■ **EXERCISE BRIEF**
Note on the material below: return exactly the lines from the line that holds "Инсталляция, , Sava" through the line that holds "Book cover with", and leave out each picture.

■ **ENTRIES SUPPLIED**
* * * *

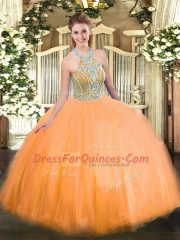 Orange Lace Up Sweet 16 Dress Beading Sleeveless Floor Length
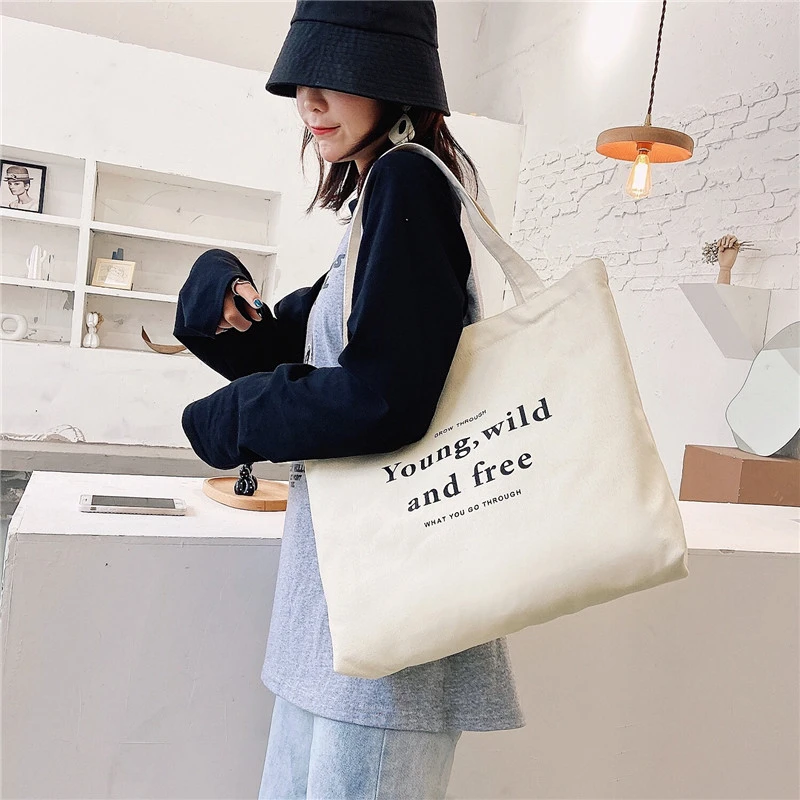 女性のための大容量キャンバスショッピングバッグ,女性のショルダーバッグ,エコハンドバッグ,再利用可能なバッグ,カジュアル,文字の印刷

* * * *

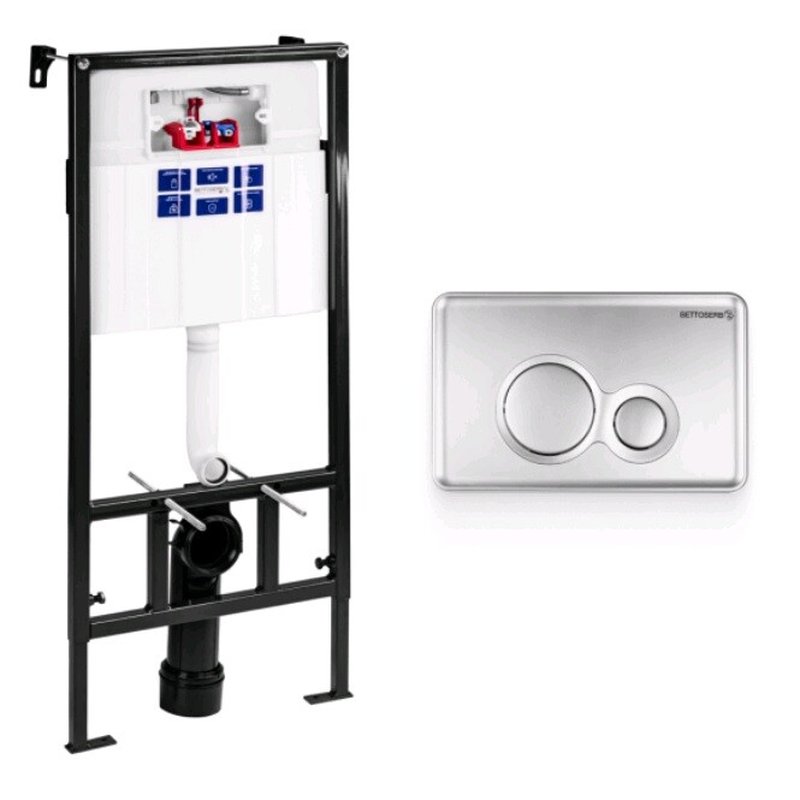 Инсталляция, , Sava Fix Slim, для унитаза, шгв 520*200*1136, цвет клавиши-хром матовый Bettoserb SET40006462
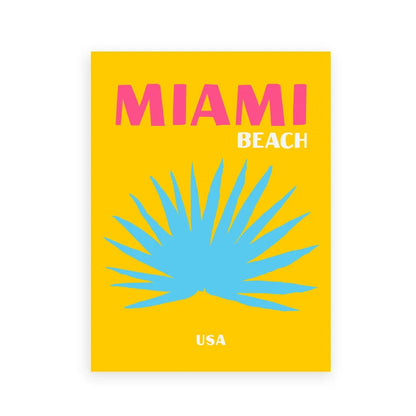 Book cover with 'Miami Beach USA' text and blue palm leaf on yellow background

* * * *

■ **WORKED SOLUTION**
 Инсталляция, , Sava Fix Slim, для унитаза, шгв 520*200*1136, цвет клавиши-хром матовый Bettoserb SET40006462
 Book cover with 'Miami Beach USA' text and blue palm leaf on yellow background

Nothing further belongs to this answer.